Les ramener à l'époque féodale, où la vie était considérée comme un état de transition vers un autre monde, l'attachement à celui-ci n'avait pas le même ancrage que celui que l'on peut comprendre de l'esprit occidental.

Cela a encouragé l'option de ne pas rejeter le fait de se suicider avec un acte héroïque, avant de le perdre d'une manière inconvenante ou de continuer à vivre dans la honte pour toute sorte de honte telle que cette circonstance pouvait être comprise à l'époque. Cette sortie a également été utilisée comme une protestation contre les décisions de ses supérieurs qui n'étaient pas partagées ou pas bien acceptées.. Même certains samouraïs, après la mort de son seigneur féodal, un symbole de fidélité, utilisé cette méthode pour rencontrer leur seigneur dans le pavillon de jade blanc.

 Cet acte héroïque et honorable qu'il essaie de garder même dans le dernier souffle de la vie, leur dignité et leur intégrité morale, était connu sous le nom de SEPPUKU; quelque chose au-delà d'un simple sacrifice (la cérémonie du suicide).

C'était un acte davantage axé sur les guerriers samouraïs qui maintenaient les codes éthiques du bushido, bien qu'elle soit également pratiquée par d'autres hommes n'appartenant pas à cette classe sociale.

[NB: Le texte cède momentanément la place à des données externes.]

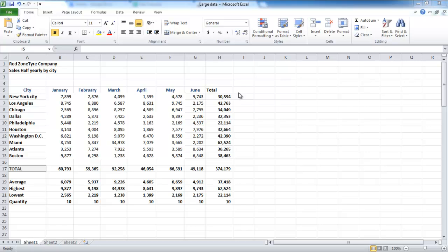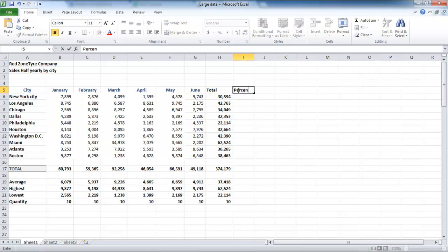In this tutorial, we will teach you how to prevent errors using absolute references in Excel. When trying to find out how much each city contributed to total expenses, name the cell as Percent of Totals.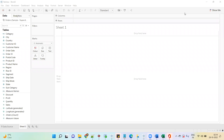Hey guys, this is Piyush Jain and welcome back to my channel PGA Analytics. In today's video, I will talk about how we can show week to date and previous week to date using the date field.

À tort, il est devenu connu sous le nom de HARAKIRI, une composition de deux mots (Hara = ventre / Kiri = couper), car c'était généralement la façon dont ils avaient l'habitude de se détacher de leur vie, montrant ainsi le courage de l'esprit japonais face à l'adversité, respectant son destin et espérant qu'on se souvienne de lui.

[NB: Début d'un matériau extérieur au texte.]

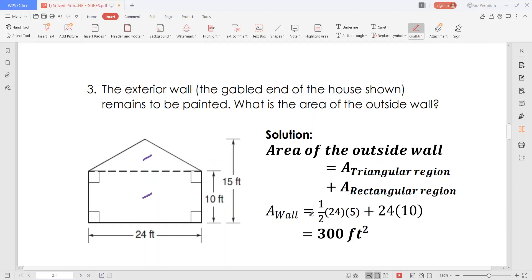What is the area of this triangular region? It's 1 half base times height. The base is 24 feet, since this is a rectangle. The height is perpendicular to the horizontal line, and it will be the difference between the total height of the house — 15 feet — minus the width of this rectangle, which is 10 feet. So 15 minus 10 is 5. We now have 1 half times 24 times 5. The area of the rectangular region is simply length times width, so 24 times 10. Simplifying further, the area of the wall that needs to be painted is 300 square feet.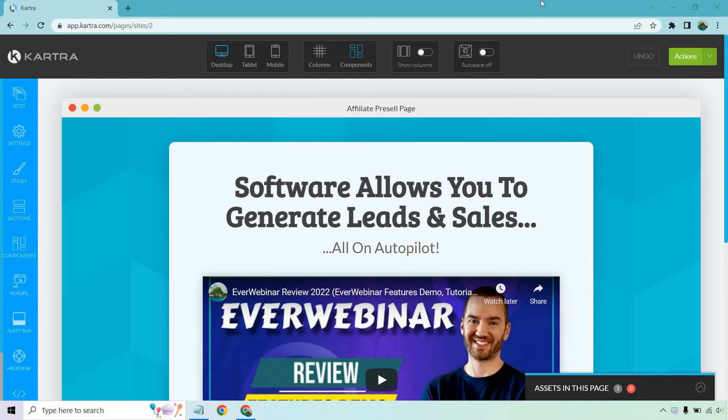Hello and welcome to my very quick Kartra and Facebook pixel tutorial. I'm going to show you how to install the Facebook pixel on a Kartra landing page.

Ce sacrifice en question avait un protocole pré-établi comme un kata. Une cérémonie où votre esprit quitte la terre pour entrer dans l'autre monde et pouvoir retrouver vos ancêtres.

Il a commencé son processus par un bain afin de nettoyer le corps. Ils se peignaient soigneusement les cheveux avec l'intention de ne pas perdre leur image au début et après s'être suicidés.. Ils portaient un pantalon et une veste blanche, couleur représentant la mort ou le deuil; une couleur pure et propre pour entrer dans l'au-delà. Ils ont bu une tasse de saké, comme un symbole caractéristique du carburant qui enflammerait le moteur du courage comme s'ils étaient en route pour la bataille.

Après être arrivé à l'endroit choisi, la cérémonie a continué la position de seiza (à genoux) sur un tapis généralement fait de paille tressée ou de tissus qui absorberaient bien le sang répandu. Cette position est la caractéristique de montrer non seulement du respect mais aussi de la soumission., compréhension telle que l'acceptation de leur destin.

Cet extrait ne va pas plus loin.